** DATA FOR PROCESSING follows **
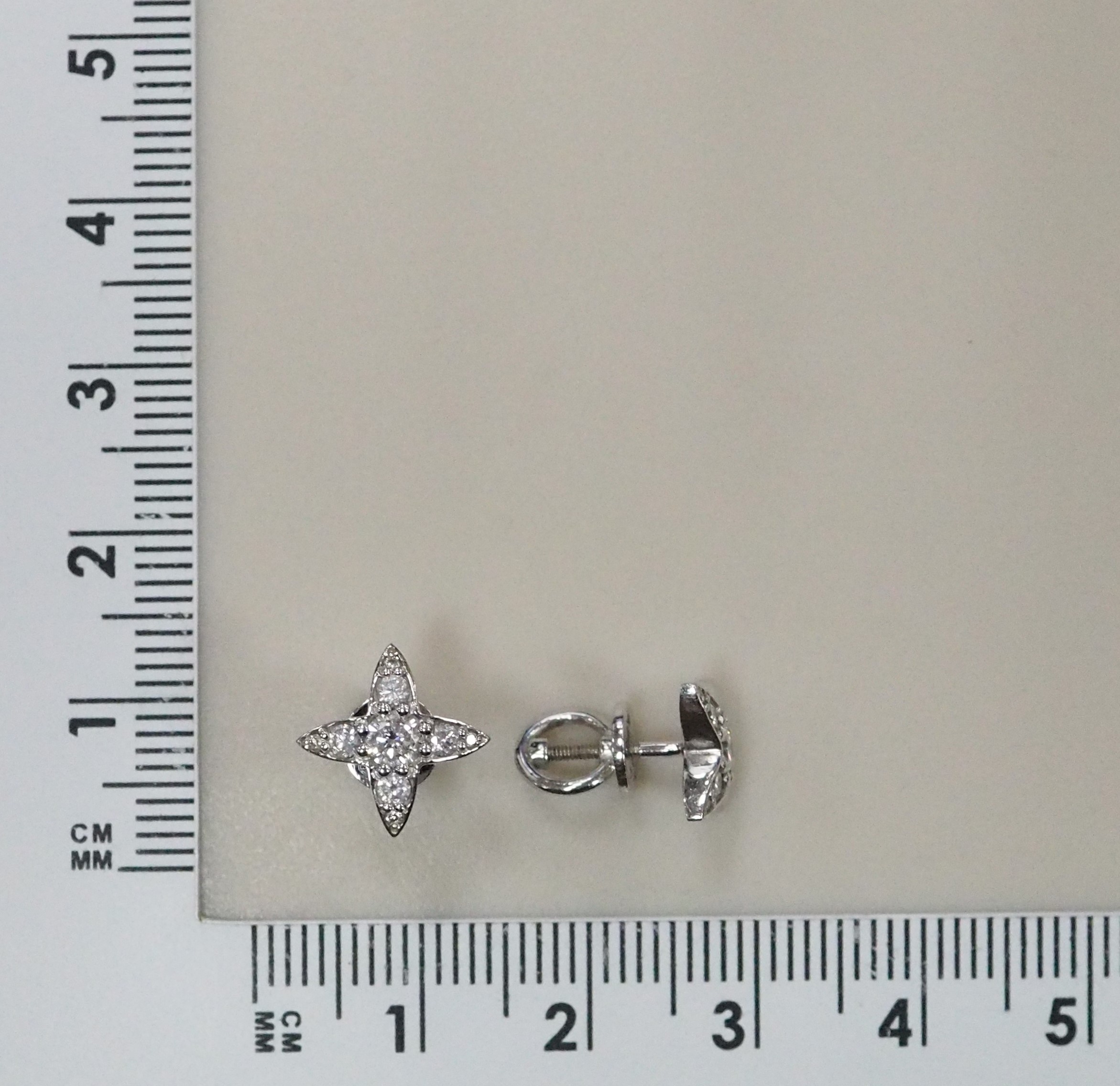 10591-000012 Серьги (Au 585)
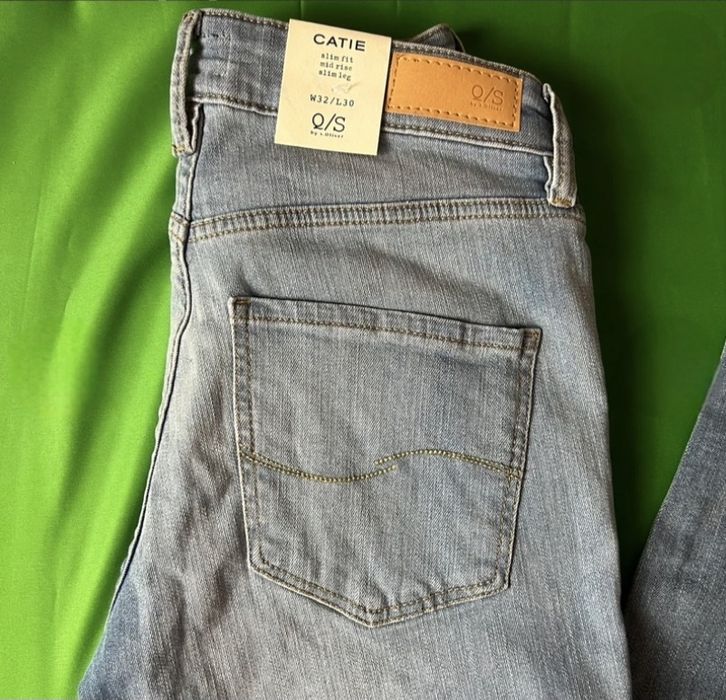 Blugi albastru deschis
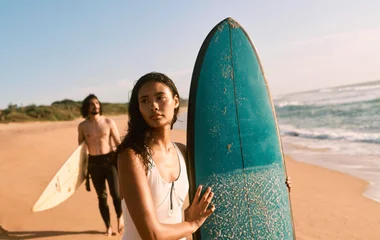 Deux surfeurs en Afrique du Sud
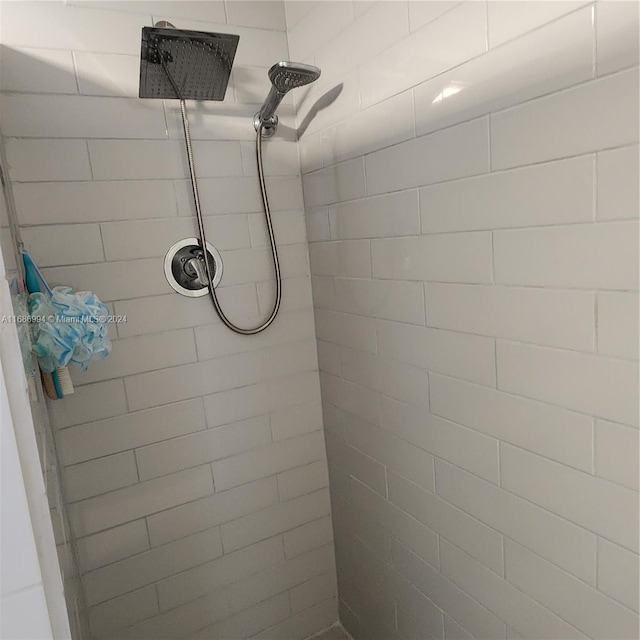 bathroom featuring a tile shower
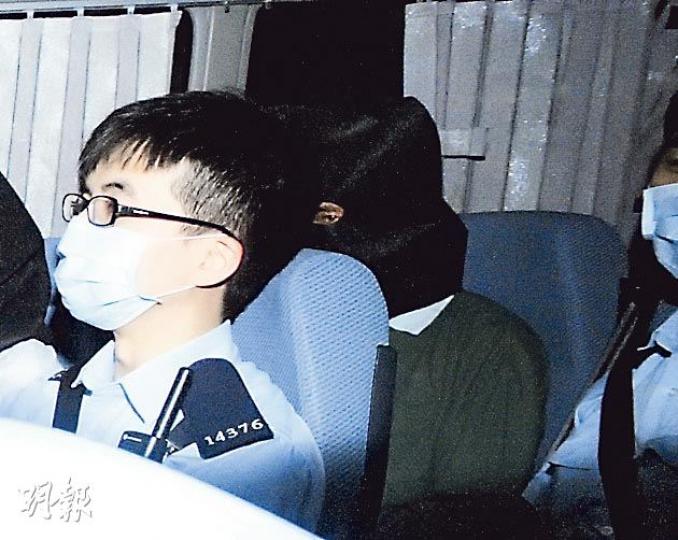 57歲被告曾昭浩昨出庭時頭髮蓬鬆,面容憔悴,其後被黑布笠頭押上囚車載走。(尹錦恩攝) 57歲被告曾昭浩昨出庭時頭髮蓬鬆,面容憔悴,其後被黑布笠頭押上囚車載走。(尹錦恩攝)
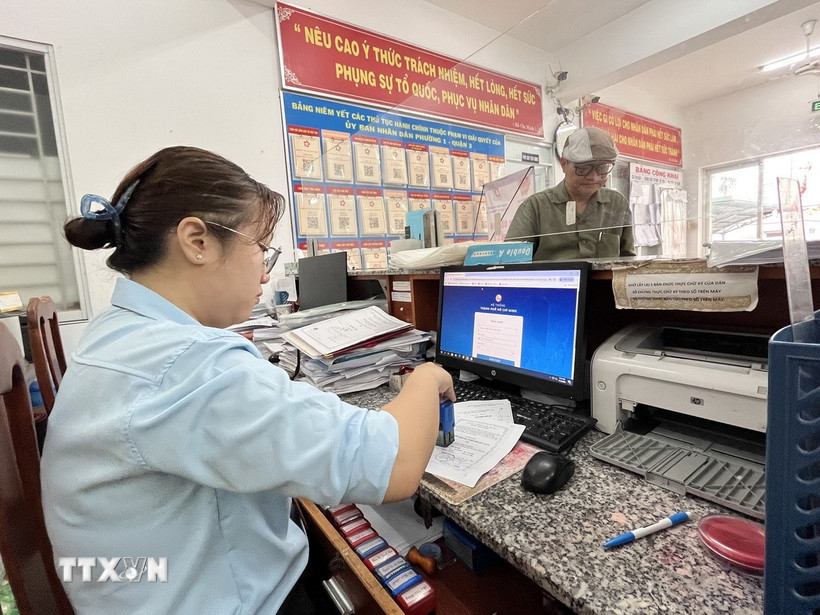 Hoạt động sao y, chứng nhận giấy tờ phục vụ người dân tại phường Bàn Cờ, Thành phố Hồ Chí Minh. (Ảnh: Thanh Vũ/TTXVN)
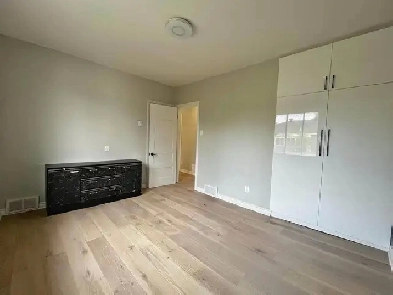 FOR RENT - ROOM - 820$/month in St-Laurent Montreal Image# 6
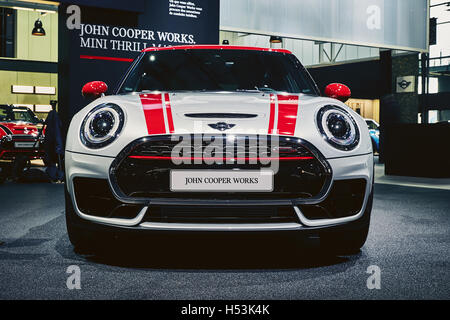 Parigi, Francia - 29 Settembre 2016: 2017 MINI Clubman JCW presentato il Motor Show di Parigi a Porte de Versailles Foto Stock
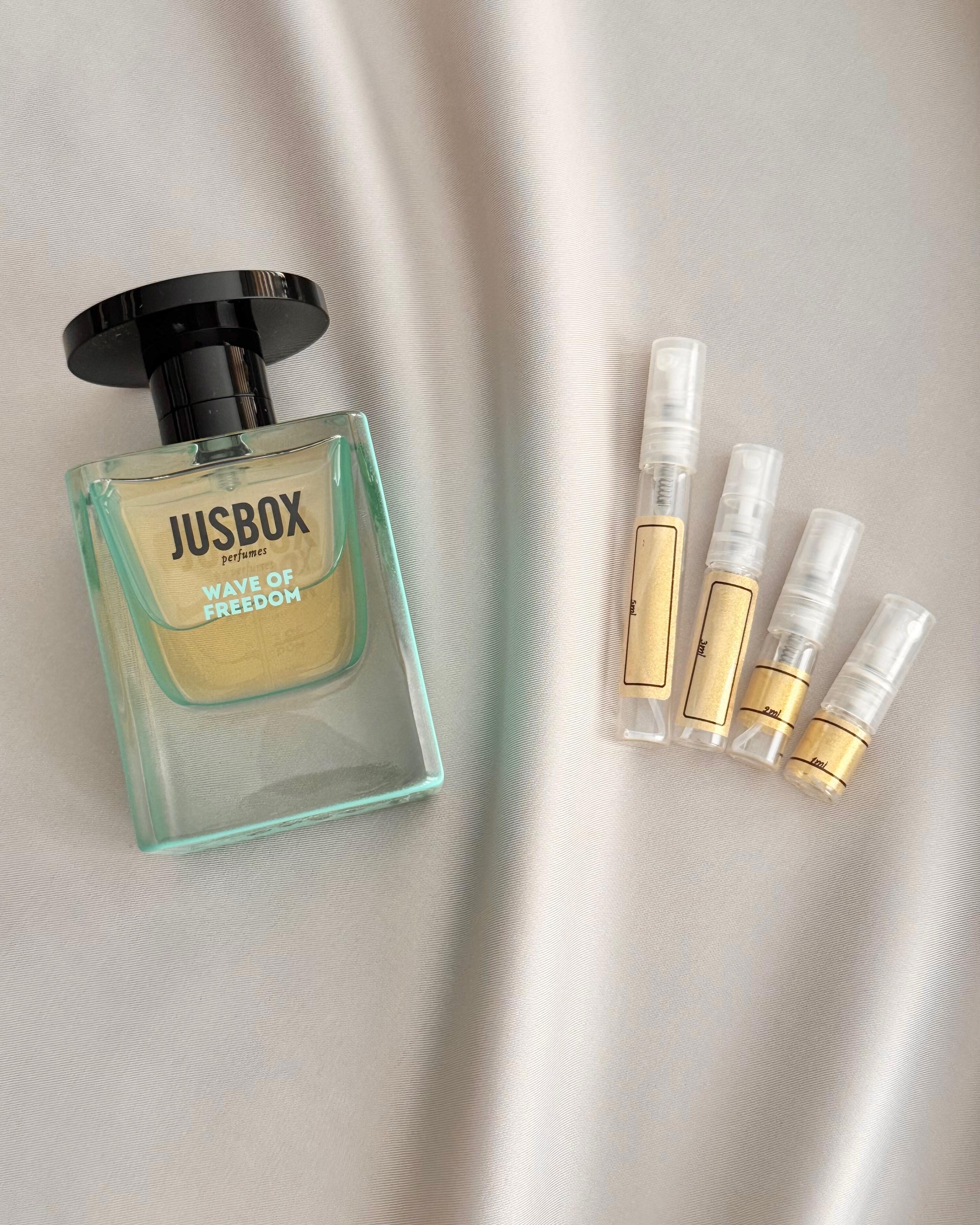 Jusbox Wave of Freedom with sample bottles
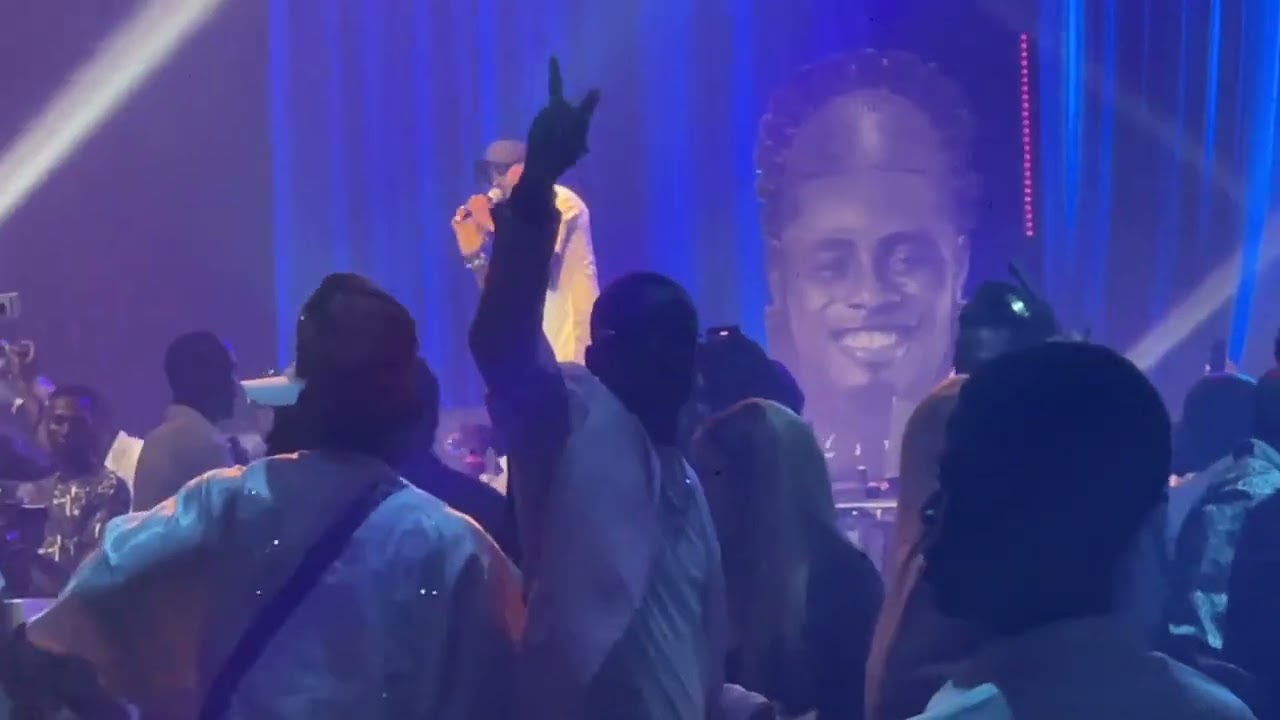 Wande Coal , Faze shut Down Eko Hotel With Their Energetic Performance At The Edo Pikin Comedy Show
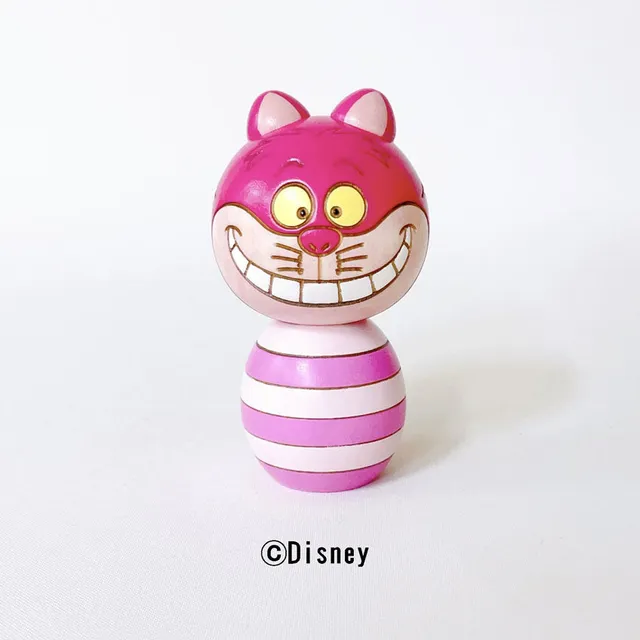 usaburo-kokeshi-chat-du-cheshire-disney-58x58x95mm image 1
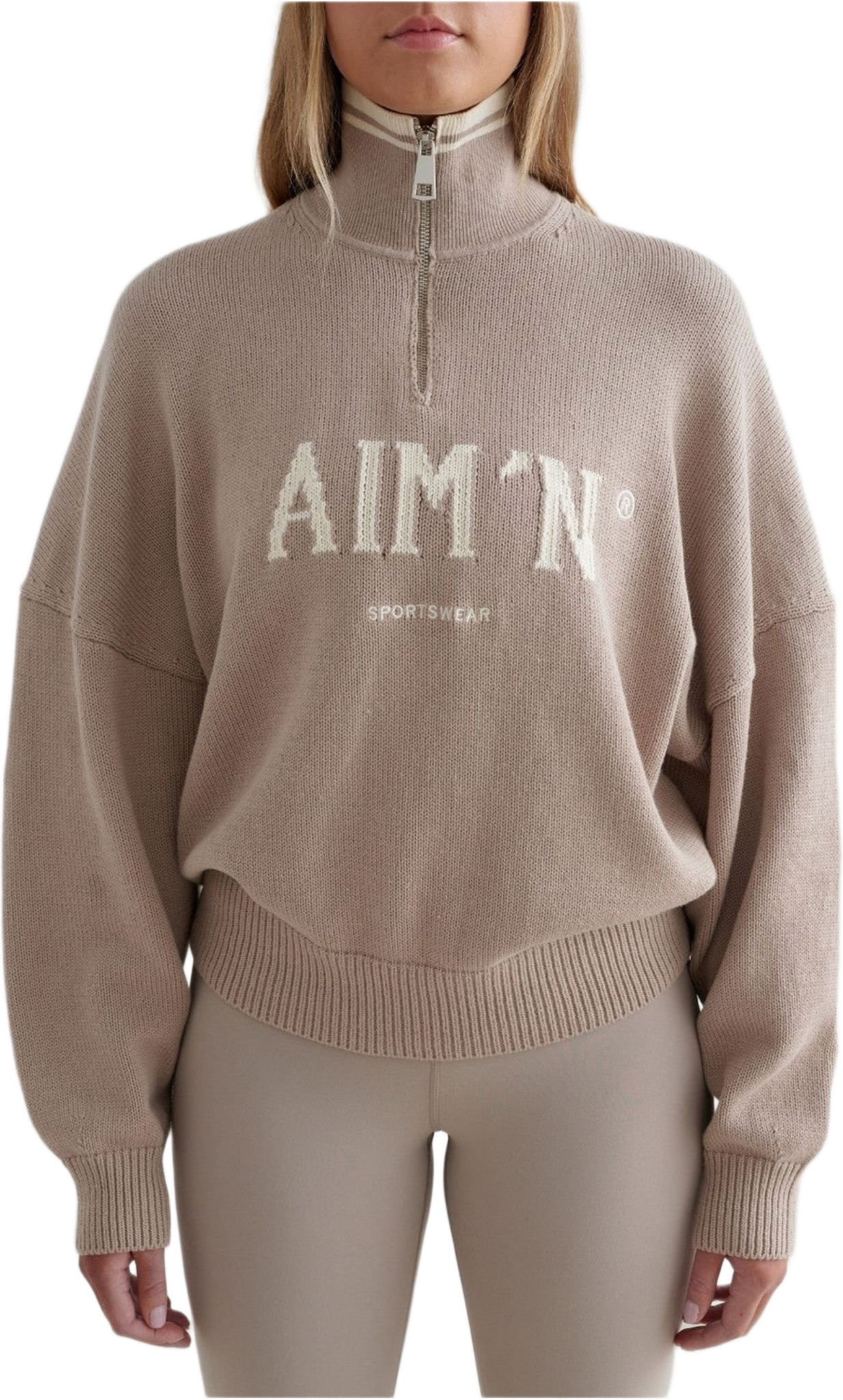 College Knitted Half Zip, från aim'n, i färgen dark clay.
** End of DATA FOR PROCESSING **
→ EXERCISE GOAL
Your task is a word-for-word transcription of the entries, leaving out all pictures.

→ EXERCISE RESULT
 10591-000012 Серьги (Au 585)
 Blugi albastru deschis
 Deux surfeurs en Afrique du Sud
 bathroom featuring a tile shower
 57歲被告曾昭浩昨出庭時頭髮蓬鬆,面容憔悴,其後被黑布笠頭押上囚車載走。(尹錦恩攝) 57歲被告曾昭浩昨出庭時頭髮蓬鬆,面容憔悴,其後被黑布笠頭押上囚車載走。(尹錦恩攝)
 Hoạt động sao y, chứng nhận giấy tờ phục vụ người dân tại phường Bàn Cờ, Thành phố Hồ Chí Minh. (Ảnh: Thanh Vũ/TTXVN)
 FOR RENT - ROOM - 820$/month in St-Laurent Montreal Image# 6
 Parigi, Francia - 29 Settembre 2016: 2017 MINI Clubman JCW presentato il Motor Show di Parigi a Porte de Versailles Foto Stock
 Jusbox Wave of Freedom with sample bottles
 Wande Coal , Faze shut Down Eko Hotel With Their Energetic Performance At The Edo Pikin Comedy Show
 usaburo-kokeshi-chat-du-cheshire-disney-58x58x95mm image 1
 College Knitted Half Zip, från aim'n, i färgen dark clay.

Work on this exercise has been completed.